In the weeks following the tragedy, a fact-finding committee sought to determine who was to blame. It soon became apparent that the New London school district had, along with almost all local businesses and residents, tapped into pipelines carrying unrefined gas from the plentiful oil fields of the area. It was technically illegal, but natural gas was in abundance in the Oil Patch. The jerry-rigged conduits leaked the odorless green gas that would destroy the school.

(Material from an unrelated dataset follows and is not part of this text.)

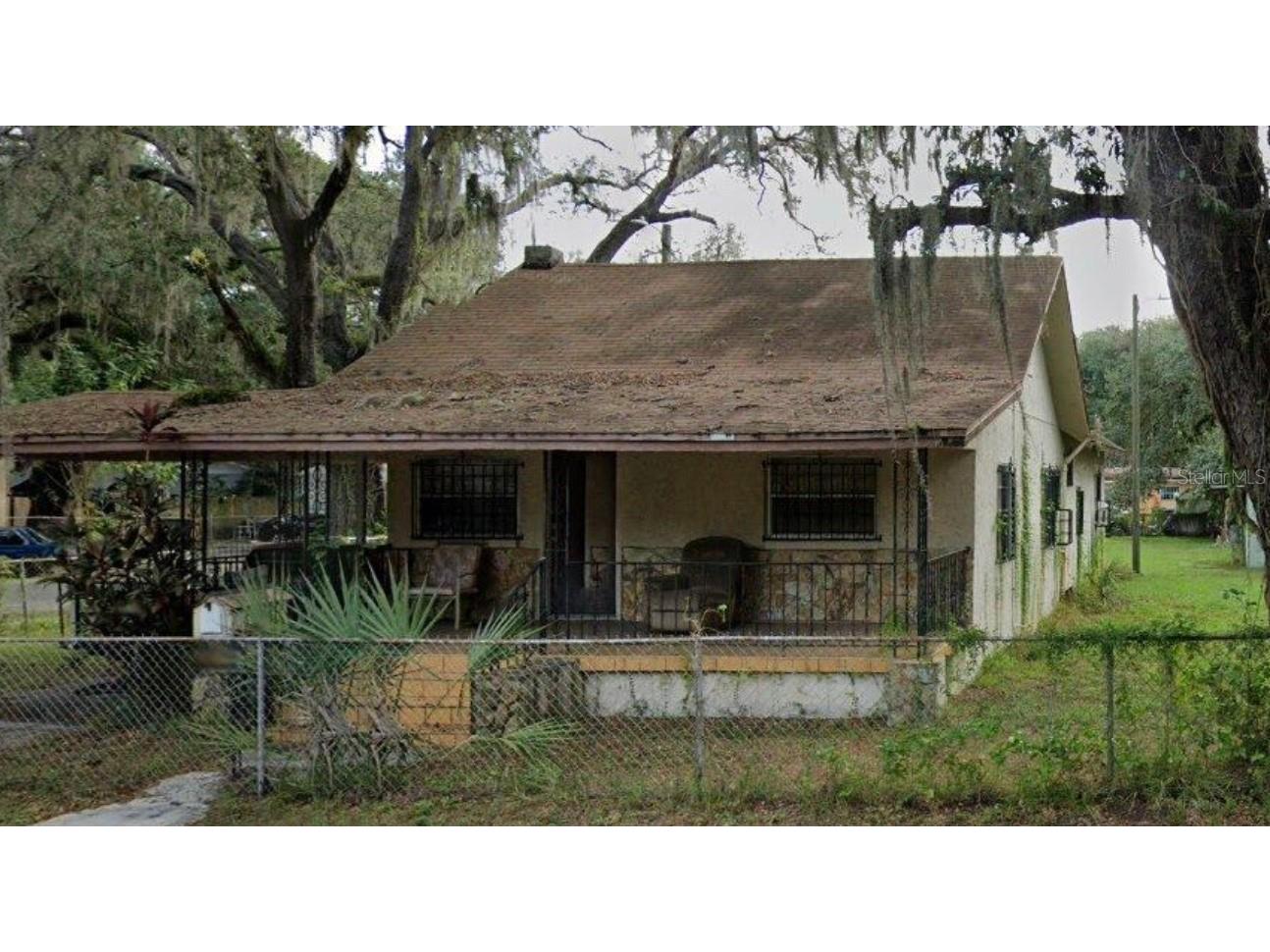 4009 N 15th Street Tampa FL 33610 TB8396112 image1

A long-term effect of the disaster was the shared guilt experienced--for the rest of their lives--by most of the survivors. There is, perhaps, no better example than Bill Thompson, who was in his fifth grade English class and in the mood to flirt with Billie Sue Hall, who was sitting two seats away. Thompson asked another girl to trade seats with him. She agreed--and was killed in the explosion, while Thompson and Hall both survived and lived long lives, never quite coming to terms with their good fortune.
My Boys and Girls Are in There: The 1937 New London School Explosion is a meticulous, candid account by veteran educator and experienced author Ron Rozelle. Unfolding with the narrative pace of a novel, the story woven by Rozelle--beginning with the title--combines the anguished words of eyewitnesses with telling details from the historical and legal record. Released to coincide with the seventy-fifth anniversary of the New London School disaster, My Boys and Girls Are in There paints an intensely human portrait of this horrific event.
Author Bio
I’m the author of Into That Good Night, a memoir, The Windows of Heaven, a novel of the 1900 Galveston storm, A Place Apart, a novel set in modern day Ohio, Warden: Death and Life in the Texas Prison System (coauthored with Jim Willett) and Description & Setting: Techniques and Exercises for Crafting a Believable World of People, Places, and Events, a volume in the Writer’s Digest Write Great Fiction series.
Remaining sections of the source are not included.